The article explains why the progam is a major improvement over previous policies, and how it can be further improved and made a model for refugee policy generally.


Today the Washington Post published my op ed on the Uniting for Ukraine private refugee sponsorship program, in which I am a participating sponsor myself:

Nine days after my wife and I submitted the sponsorship forms, the U.S. government authorized admission to three Ukrainian refugees — Ruslan Hasanov, his wife, Maya, and their 2-year-old daughter, Melissa. Less than five weeks after that they were here. This is little short of a miracle to those of us who have long lamented the sclerotic state of the U.S. refugee system.

The next step is for Congress and the Biden administration to work together to turn that miracle, with some critical improvements, into the norm. And not just for Ukrainians.

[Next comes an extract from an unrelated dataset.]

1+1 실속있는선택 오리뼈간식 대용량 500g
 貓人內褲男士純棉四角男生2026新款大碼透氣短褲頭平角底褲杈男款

The brutal Russian invasion has forced more than 7 million people to flee Ukraine, creating the largest European refugee crisis since World War II. In response, the Biden administration established Uniting for Ukraine, a private refugee-sponsorship program that enables Ukrainian migrants to enter the United States far more easily than is possible under the conventional refugee admission system….

The speed and ease of entry accomplished under Uniting for Ukraine are an impressive achievement, especially by the glacial standards of U.S. immigration bureaucracy, where visa and refugee applications routinely languish for many months or even years….

Since April, at least 94,000 Ukrainians have entered the United States under the program. By contrast, the conventional refugee admission system, which relies on the government-approved agencies to resettle and support refugees, only admitted 25,400 people from around the world during all of fiscal 2022….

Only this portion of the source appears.